I didn't think it was funny funny. But tragic comedy funny that the OB chose to perceive me as this poor, vulnerable petite damsel being made used of by a chubby guy. But I knew what he meant (thanks, I did appreciate your protectiveness over me).
But then I also allowed it. Stupid P!
****
In other works, I have just finished reading
****
The past few days I received bad news of 2 people being in the advanced stages of lung cancer and liver cancer. Both news delivered by my two best friends. One being B's father.
The good news is she has decided to get married in 3 months' time. No big deal or any great excitement. News cooly delivered in her usual style. She has begged me not to trouble myself and come back just for her sake. In fact, she almost wishes she doesn't have to turn up at her own party. I'm wondering if she would mind if I suggest that we should have a hens' night? Just to celebrate the end of her bachelorettehood (not that she cares- nothing will really change, she kindda assured me). Just for old times' sake since I guess we would never conquer the world together again (I wish not for her sake too. Like I always said to her if one is a lucky girl, she only needs to be a bride once in her life. I never cared to get married but if I do, I pray it better just be once.)
Ironically, B always wanted to get married and have kids (though kids irritate the hell out of her but she gotta have them). I am the opposite (though I don't like children either but I sure would love my own as well if I decide to finally hatch my eggs!) but I always wanted a big wedding and always know how it's going to be like. She never wanted a wedding party of any kind. Right from the start even when we were seventeen (some things never change I guess). She just wants to bloody get on with her life, find the right man, stick to it(and not have to bloody re-invent the wheel as she puts it when I play the Devil's Advocate and asked perhaps she could wait a bit longer cos there might be bigger, better deals out there for her- she, being still young and beautiful looking).
I'm beginning to wonder if I am a hardcore romanticizer at heart. I still believe in having a fairy tale wedding- party of my life I tell ya if it ever happens and a blissful family life if I should make bold my life's step and walk down the aisle (thought actually gives me heart palpitations of the worst kind- I still view myself too much of a kid to labour over the idea of being someone else's wife! Shivers!). If not, I'll have none. Just like kids- if I couldn't afford to send them to private schools, they aren't coming out from my womb. Nano was highly amused about me and my "private school" bullcrap- he loved it he said and (what he liked about me he) quoted me again before we departed! I'm too afraid to lead that "imperfect" life. If I can't have it complete, I am better off existing alone!
Another good news this morning. A new leash of life! A colleague just had a baby girl. He now has a boy and a girl. How complete!
*****
I missed my last psychologist appointment. I was on my way to see him and then I forgot that I needed to do something for DL and cancelled it. Naturally, the psychologist wasn't too pleased.
I will be going to him this Friday. Let's see what he has got to say.
*****
I am in a fairly great mood today. Lots of jumbled thoughts and actually feeling very ego bruised with the Nano incident.
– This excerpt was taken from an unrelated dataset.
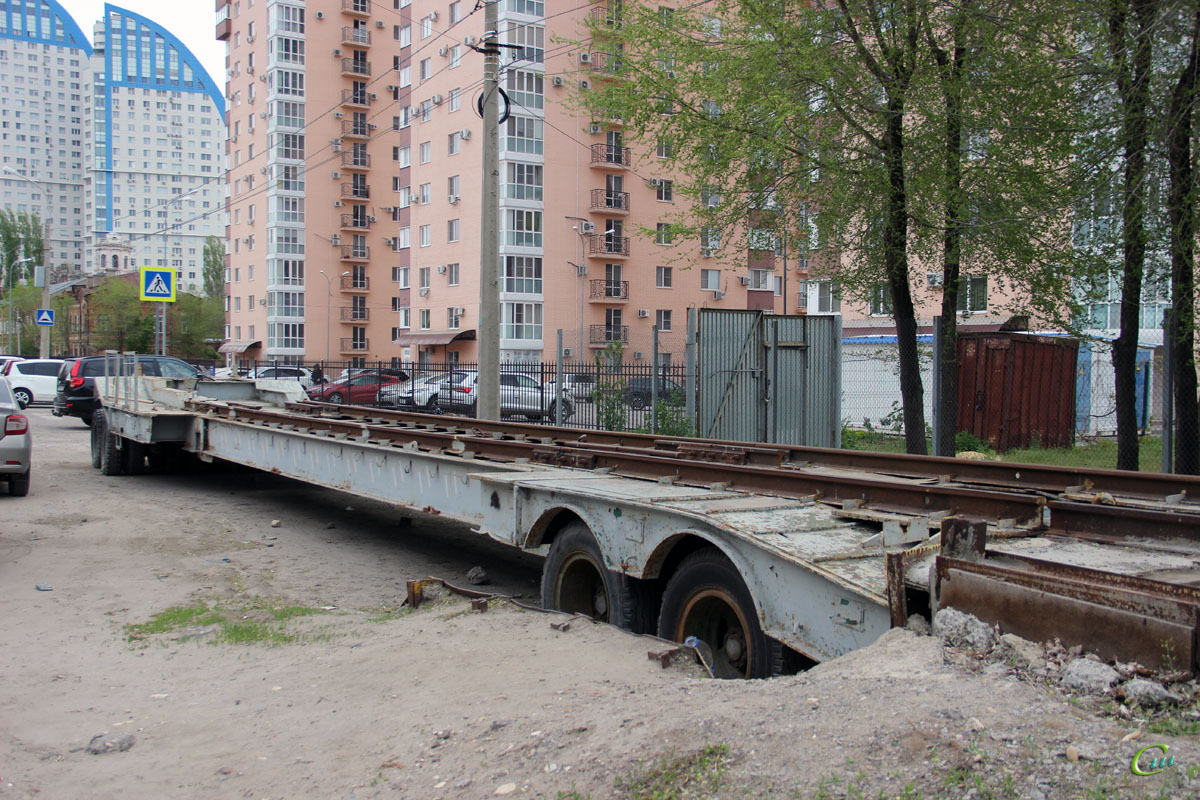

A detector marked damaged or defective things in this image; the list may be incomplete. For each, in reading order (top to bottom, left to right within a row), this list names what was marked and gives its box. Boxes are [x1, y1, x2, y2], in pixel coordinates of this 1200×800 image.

Something to do with last night's online conversation but I wouldn't want to dwell on that since I have managed to contain it.
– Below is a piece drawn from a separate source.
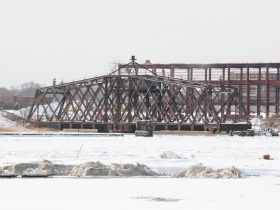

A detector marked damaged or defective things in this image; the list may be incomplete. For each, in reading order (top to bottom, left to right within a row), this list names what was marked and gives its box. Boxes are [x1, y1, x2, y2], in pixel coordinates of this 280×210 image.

rusty metal structure [26, 55, 249, 131]
rusty metal structure [118, 61, 280, 119]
Bottom line is I am going to chuck him at the furtherest end of my mind. That idiot!
*****
Outstanding Pieces that I have been meaning to write since the start of 2007:
1) Manila Rendezvous Part III (!!!)
2) Being Ready (thoughts are coming together what with B's impending marriage and a no. of wedding news that I received to date plus my relationship wit DL)
3) Finding Ben (coming real soon!)
4) Windsor Boy (maybe- haven't done much justice in words to him)
5) Tears (major emotional breakthrough between DL and I)
Ok, will work through them as mini writing projects for the rest of 2007.